Official figures showed the amount of goods bought by consumers fell 0.8% in September and set the UK on course for a period of slow growth in the run-up to Christmas.
With only a fortnight before the Bank of England considers raising interest rates for the first time in 10 years, analysts said there was a downbeat trend in retail sales after the rate of growth in the third quarter fell to its lowest since 2013.
Year-on-year sales volumes were up just 1.5% in the past three months, compared with about 4% annual growth between 2014 and 2016.
Andrew Sentance, a senior economic adviser to the consultancy PwC, said the slowdown could be blamed on an inflationary squeeze that has seen real wages fall for most of the year.
“Prices of goods bought in shops, at petrol stations and online in September were 3.3% up on a year ago, whereas only a year ago they were falling by 1%,” he said.
“This surge in inflation, which mainly reflects the fall in sterling since the European Union referendum vote, is squeezing consumers and holding back the growth of retail spending in volume terms.”
Supermarkets and food retailers, department stores and petrol stations were hardest hit.
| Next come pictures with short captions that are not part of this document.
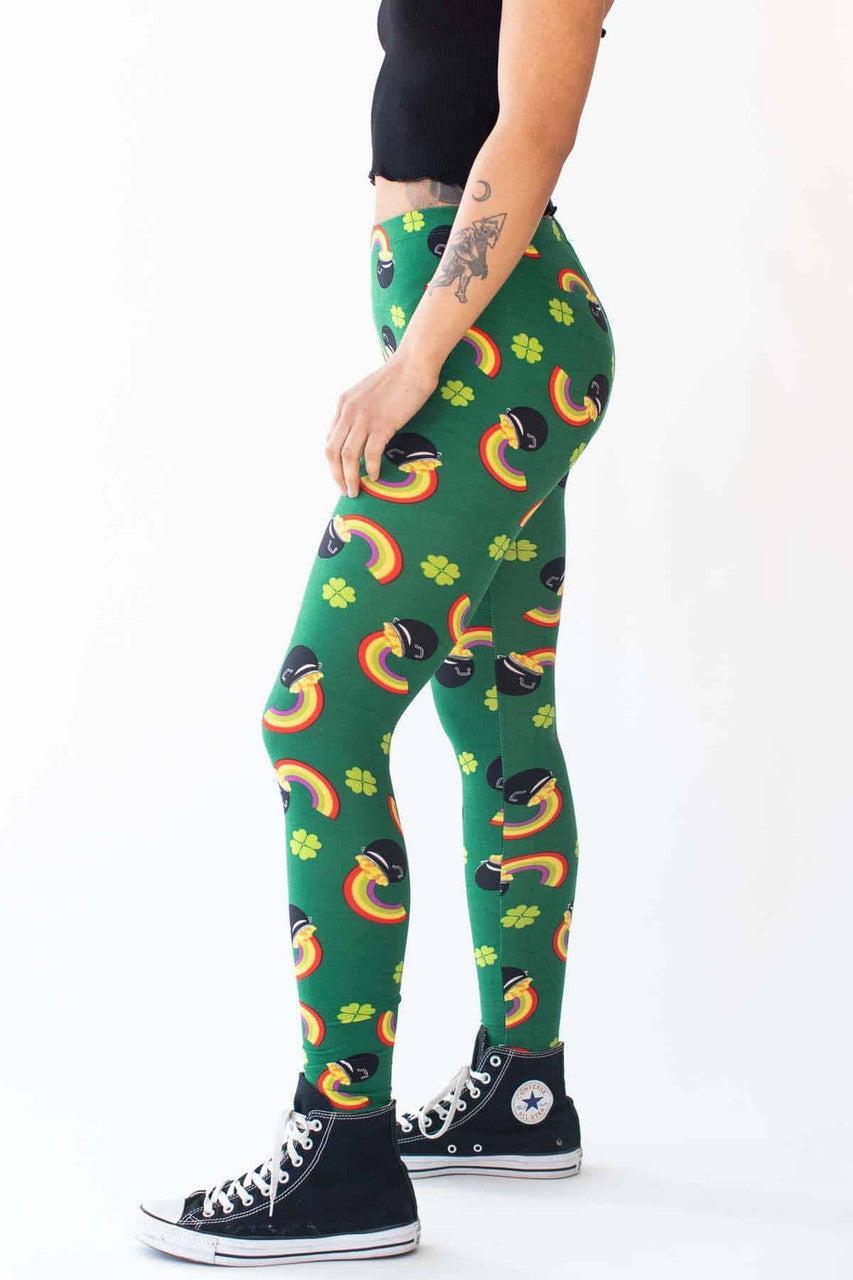 Pot O' Gold Leggings Product Image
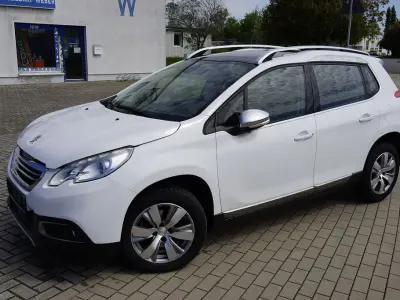 Gebraucht Peugeot 2008 Allure 110 PS (80 kW) 2016 Weiß SUV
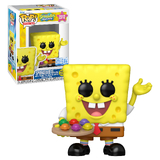 Funko POP! Animation Spongebob Squarepants #2312 Spongebob With Pretty Patties - New, Mint Condition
Clothes shops, by contrast, generated 7% sales growth with their autumn collections.
Sales of computer games, mobile phones and laptops also suffered, leading analysts to speculate that consumers were pausing their spending ahead of the Black Friday discounting period in November and Christmas. A delay in the launch of the iPhone 8 may also have hurt smartphone sales.
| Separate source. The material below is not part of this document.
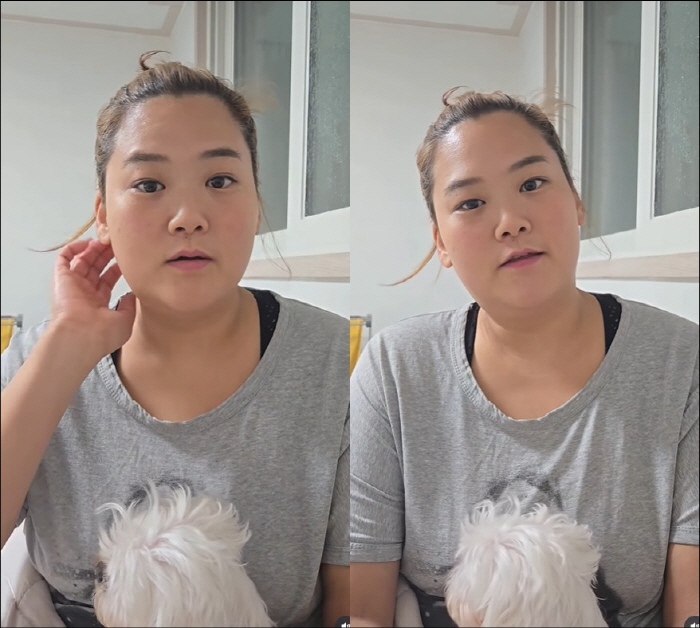 150kg Mina's sister-in-law wants to give up her burnout confession after losing 72kg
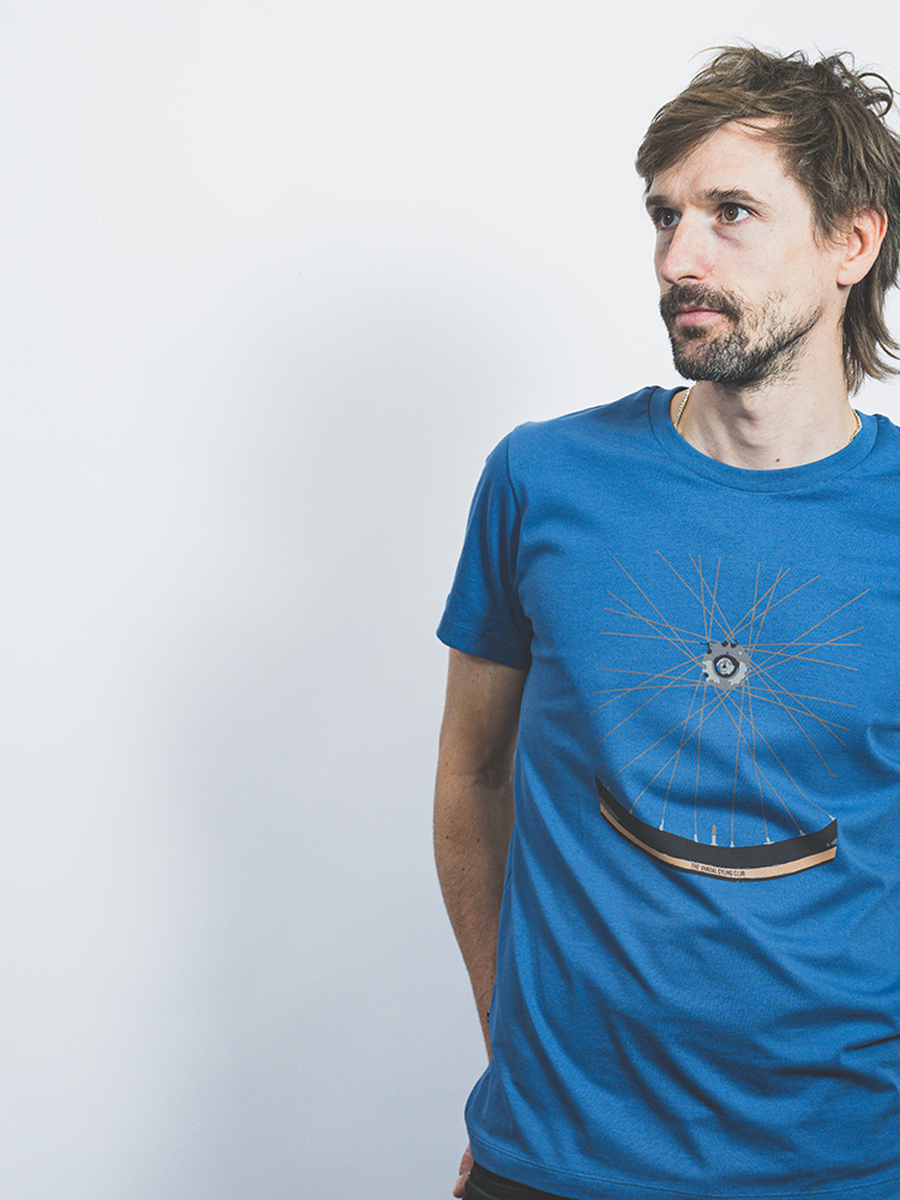 T-shirt van het merk The Vandal in het Blauw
Bank of England officials are expected to brush aside the weaker sales figures when they consider raising interest rates at their next meeting on 2 November.
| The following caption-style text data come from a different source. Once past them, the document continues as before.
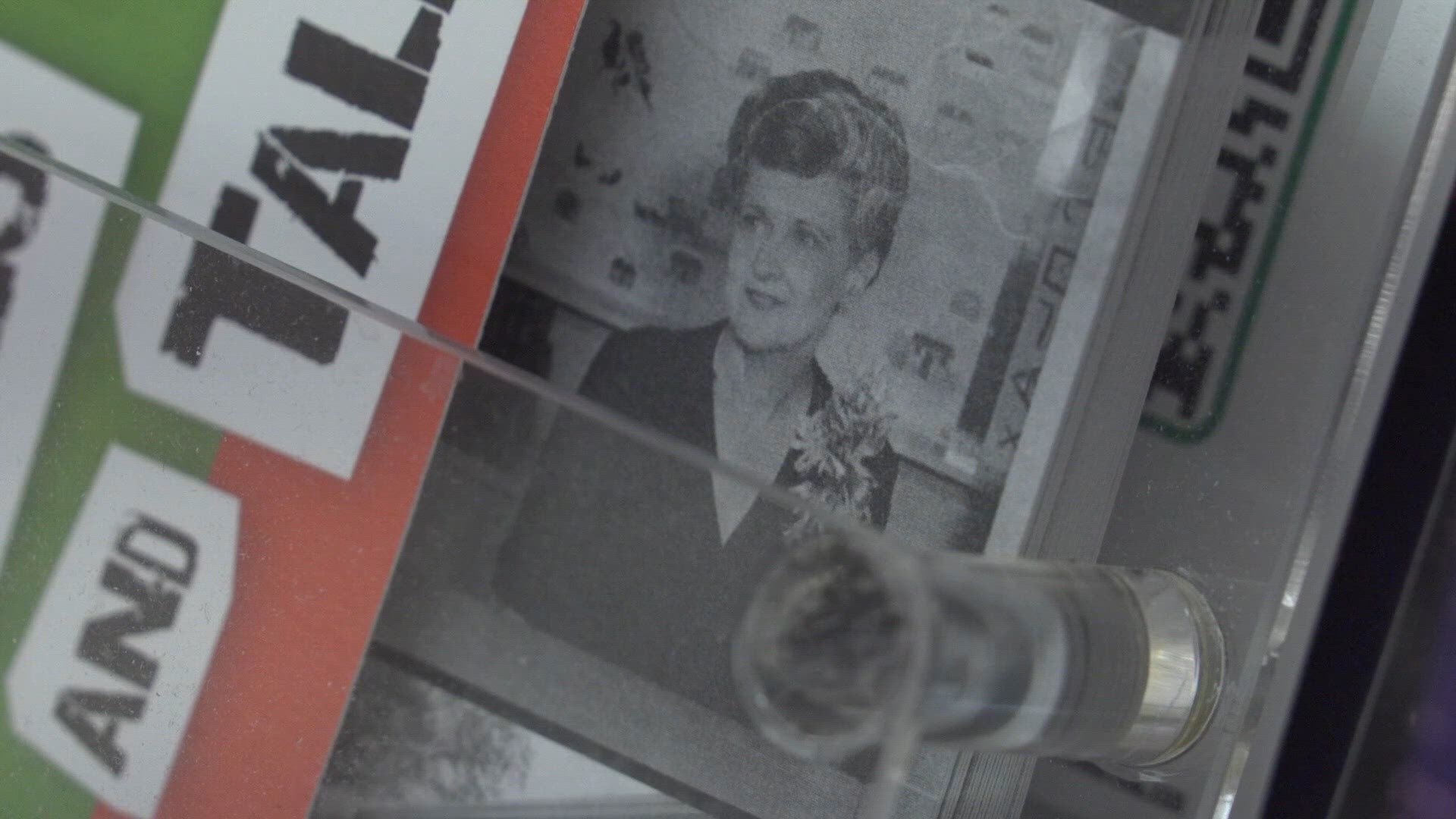 Denton Public Library says its shelves are haunted by its own ghost story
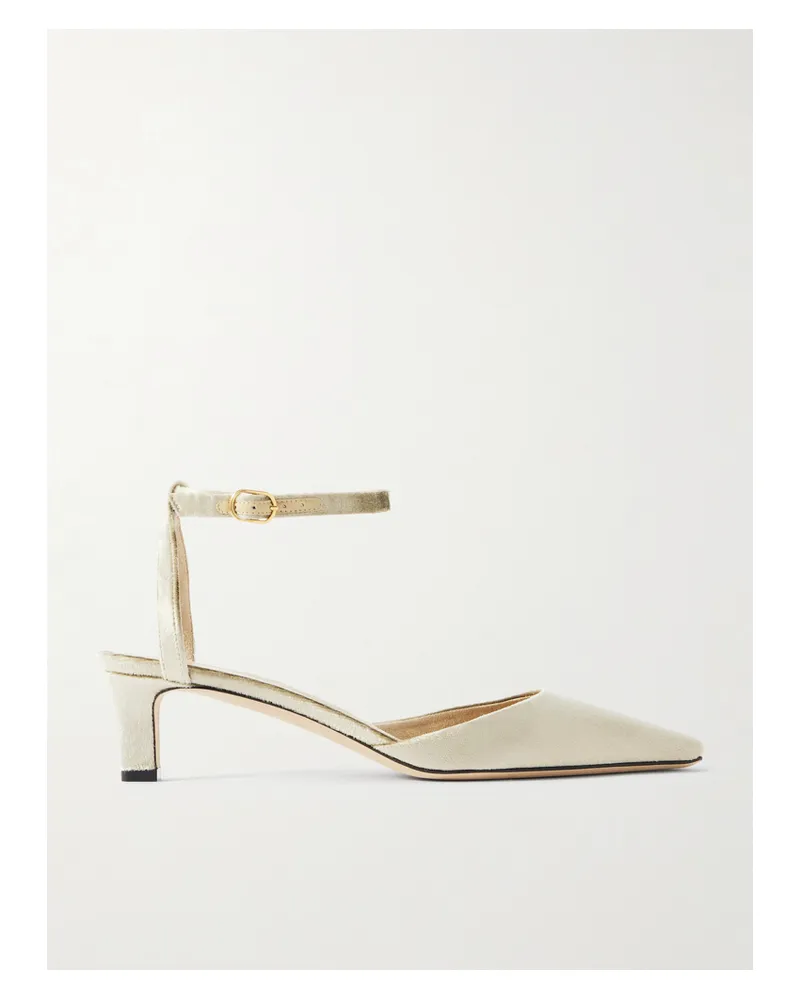 The Row Carla Pumps Aus Samt - Braun Braun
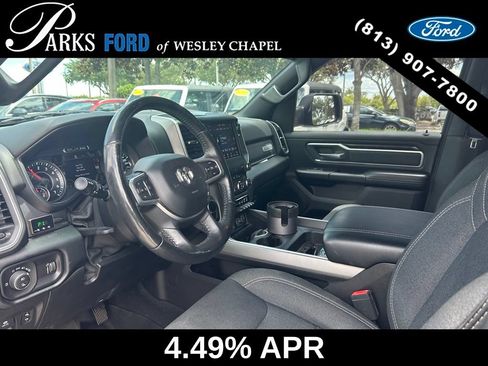 Used 2020 RAM 1500 Big Horn AWD/4WD image 10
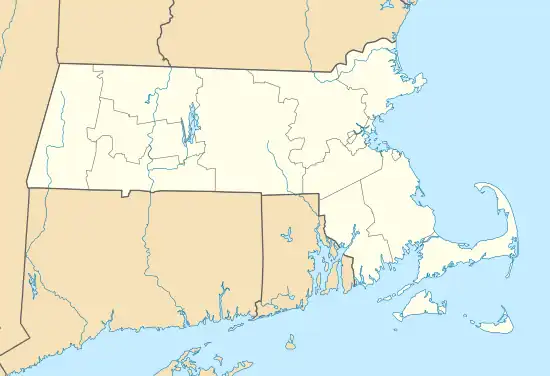 Fort Strong is located in Massachusetts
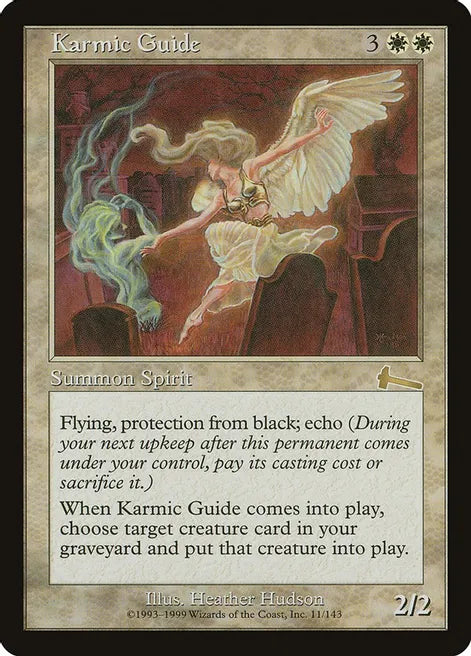 Karmic Guide - White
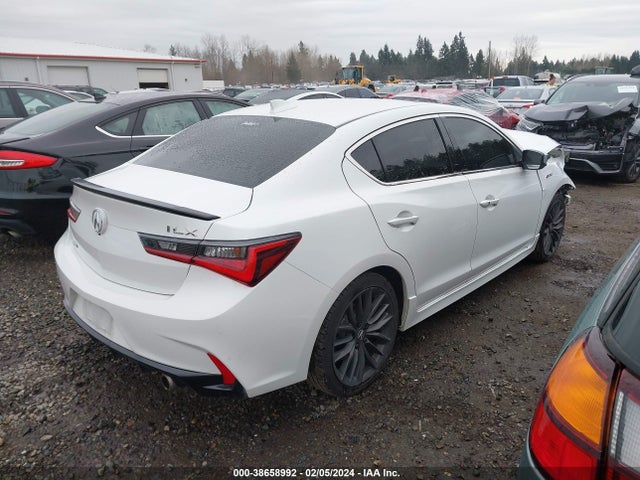 Acura Ilx Premium/a-spec Package/w/technology/a-spec Package 2021 19UDE2F80MA000948 Image 4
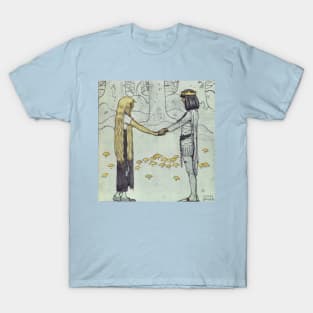 The Prince Without a Shadow - John Bauer T-Shirt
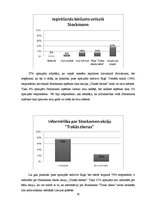 Konspekts 'Stockmann "Trakās dienas". Analīze', 10.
Signals from a majority of members of the monetary policy committee in recent months have indicated that the central bank will reverse the 0.25% cut made in August last year after the Brexit vote.
With wages growth stuck at 2.2% and the consumer prices index measure of inflation at 3%, high street spending is likely to remain lacklustre for the rest of the year.
Laith Khalaf, a senior analyst at the stockbroker Hargreaves Lansdown, said: “The latest figures will give the Bank of England further food for thought when it comes to their impending decision on interest rates. Indeed, a nasty case of indigestion is probably warranted.
“The Bank doesn’t want to apply the brakes to consumer spending if it is slowing down of its own accord already, though it does want to curb inflation and the glut in consumer borrowing.”
Jeremy Cook, the chief economist at the money broker WorldFirst, said the September results raised uncomfortable questions about where UK growth will emerge from in the last three months of the year.
“Consumption is the engine of the UK economy and the retail sector which, hammered by a weak pound, tighter margins and customers beset by real wage declines, are in the eye of the storm,” he said.
“We will find out in the coming months whether this is consumers holding off on purchases in preparation for Christmas, or whether the Bank of England’s messaging on interest rate rises has been enough to keep some hands in pockets.
“We can but hope that this weakening sales pattern is also bringing about a slowing of the consumer credit expansion; retail sales in the past have been powered by a ‘buy-now-pay-later’ mentality and we continue to worry about a ‘buy-now-default-later’ reality.”
The value of sales dropped by 0.5% month on month, reflecting the fact that consumers had to spend more to buy the same quantity of goods.
Almost all of the 1.2% growth over the past year has come from improving online sales as consumer seek bargains away from the high street.
Ian Geddes, the head of retail at the consultancy Deloitte, said: “Online sales values have increased by 14% year on year. It now accounts for 17% of all retail spending, with consumers spending £1.2bn a week.
“Recent company results have shown that online marketplaces have performed particularly well. We expect they are likely to continue to see sales growth in the coming months.
“Consumers like the convenience of being able to shop for big-name brands and niche labels all from the same online portal, as evident by the 40% growth in online sales of clothing and footwear this month.”